PROBLEM:
Please output exactly the lines from the one containing "Ανεμοθραύστες για Hyundai" through the last line of the records, both included.

AVAILABLE RECORDS:

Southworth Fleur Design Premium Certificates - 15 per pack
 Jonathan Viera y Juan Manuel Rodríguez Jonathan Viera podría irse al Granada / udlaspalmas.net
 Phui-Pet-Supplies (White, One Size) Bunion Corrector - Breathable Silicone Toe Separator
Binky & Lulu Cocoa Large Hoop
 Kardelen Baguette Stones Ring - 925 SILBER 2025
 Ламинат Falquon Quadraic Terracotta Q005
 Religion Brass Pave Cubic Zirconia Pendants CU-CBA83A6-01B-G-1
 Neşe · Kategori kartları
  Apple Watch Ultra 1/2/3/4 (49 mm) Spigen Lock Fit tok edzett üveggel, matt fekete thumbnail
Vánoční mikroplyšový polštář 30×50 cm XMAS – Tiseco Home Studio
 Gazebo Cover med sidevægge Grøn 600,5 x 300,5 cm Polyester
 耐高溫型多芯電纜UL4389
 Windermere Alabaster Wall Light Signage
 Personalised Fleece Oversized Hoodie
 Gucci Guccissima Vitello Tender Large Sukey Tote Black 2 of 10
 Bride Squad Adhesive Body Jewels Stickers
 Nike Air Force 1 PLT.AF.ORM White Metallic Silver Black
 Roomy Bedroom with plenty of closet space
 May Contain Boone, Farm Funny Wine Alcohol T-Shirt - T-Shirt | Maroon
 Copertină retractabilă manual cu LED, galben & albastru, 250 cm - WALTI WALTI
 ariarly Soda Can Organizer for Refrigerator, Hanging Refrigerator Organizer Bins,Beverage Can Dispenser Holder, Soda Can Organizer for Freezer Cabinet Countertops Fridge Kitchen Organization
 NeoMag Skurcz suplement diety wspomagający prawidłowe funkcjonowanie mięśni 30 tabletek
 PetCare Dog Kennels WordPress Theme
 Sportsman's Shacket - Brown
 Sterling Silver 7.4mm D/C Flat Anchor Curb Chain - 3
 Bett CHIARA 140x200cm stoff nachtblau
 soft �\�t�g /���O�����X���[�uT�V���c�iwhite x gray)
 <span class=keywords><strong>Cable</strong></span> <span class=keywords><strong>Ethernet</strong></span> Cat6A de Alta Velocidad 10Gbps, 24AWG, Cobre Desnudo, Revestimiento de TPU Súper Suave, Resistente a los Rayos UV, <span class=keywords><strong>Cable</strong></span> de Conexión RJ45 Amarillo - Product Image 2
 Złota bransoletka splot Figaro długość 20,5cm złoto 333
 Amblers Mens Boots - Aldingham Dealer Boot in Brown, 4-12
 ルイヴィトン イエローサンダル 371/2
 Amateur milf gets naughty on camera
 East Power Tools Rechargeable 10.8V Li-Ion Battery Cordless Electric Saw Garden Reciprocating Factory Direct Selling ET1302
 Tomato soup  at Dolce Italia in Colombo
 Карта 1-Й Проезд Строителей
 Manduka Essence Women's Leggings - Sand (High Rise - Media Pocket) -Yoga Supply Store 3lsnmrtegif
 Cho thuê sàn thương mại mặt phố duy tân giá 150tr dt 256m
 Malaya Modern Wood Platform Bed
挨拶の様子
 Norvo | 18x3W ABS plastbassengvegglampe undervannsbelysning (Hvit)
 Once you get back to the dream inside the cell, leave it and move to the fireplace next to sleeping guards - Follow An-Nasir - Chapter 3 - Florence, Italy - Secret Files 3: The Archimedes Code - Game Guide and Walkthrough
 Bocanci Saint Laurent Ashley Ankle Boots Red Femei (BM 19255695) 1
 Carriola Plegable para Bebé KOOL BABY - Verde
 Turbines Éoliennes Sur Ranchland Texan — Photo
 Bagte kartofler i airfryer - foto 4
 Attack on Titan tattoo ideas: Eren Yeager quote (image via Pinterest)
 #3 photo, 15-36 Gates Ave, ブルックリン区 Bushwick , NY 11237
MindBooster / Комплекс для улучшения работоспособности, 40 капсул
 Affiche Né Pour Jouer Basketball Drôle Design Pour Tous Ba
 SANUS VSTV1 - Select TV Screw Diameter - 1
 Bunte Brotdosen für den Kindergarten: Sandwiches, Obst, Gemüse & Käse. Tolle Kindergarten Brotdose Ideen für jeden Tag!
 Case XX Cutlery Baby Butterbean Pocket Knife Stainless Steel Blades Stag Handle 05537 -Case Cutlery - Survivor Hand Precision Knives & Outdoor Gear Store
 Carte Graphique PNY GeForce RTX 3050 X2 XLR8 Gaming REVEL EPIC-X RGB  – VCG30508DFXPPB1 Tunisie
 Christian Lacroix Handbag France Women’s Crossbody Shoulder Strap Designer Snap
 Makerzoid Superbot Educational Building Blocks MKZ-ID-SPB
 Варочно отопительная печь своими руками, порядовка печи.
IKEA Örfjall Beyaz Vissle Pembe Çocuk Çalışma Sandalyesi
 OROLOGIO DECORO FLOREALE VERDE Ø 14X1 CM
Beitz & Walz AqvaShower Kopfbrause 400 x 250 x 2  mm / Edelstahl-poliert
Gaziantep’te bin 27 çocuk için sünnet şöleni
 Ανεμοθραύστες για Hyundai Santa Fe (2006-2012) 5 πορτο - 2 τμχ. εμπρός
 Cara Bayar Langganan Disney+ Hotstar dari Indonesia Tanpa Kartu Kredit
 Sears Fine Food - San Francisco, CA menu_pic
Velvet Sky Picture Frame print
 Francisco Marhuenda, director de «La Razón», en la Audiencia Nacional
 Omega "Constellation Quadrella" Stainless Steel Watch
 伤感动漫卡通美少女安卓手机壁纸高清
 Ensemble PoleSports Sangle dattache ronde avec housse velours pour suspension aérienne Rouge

WRITTEN SOLUTION:
 Ανεμοθραύστες για Hyundai Santa Fe (2006-2012) 5 πορτο - 2 τμχ. εμπρός
 Cara Bayar Langganan Disney+ Hotstar dari Indonesia Tanpa Kartu Kredit
 Sears Fine Food - San Francisco, CA menu_pic
Velvet Sky Picture Frame print
 Francisco Marhuenda, director de «La Razón», en la Audiencia Nacional
 Omega "Constellation Quadrella" Stainless Steel Watch
 伤感动漫卡通美少女安卓手机壁纸高清
 Ensemble PoleSports Sangle dattache ronde avec housse velours pour suspension aérienne Rouge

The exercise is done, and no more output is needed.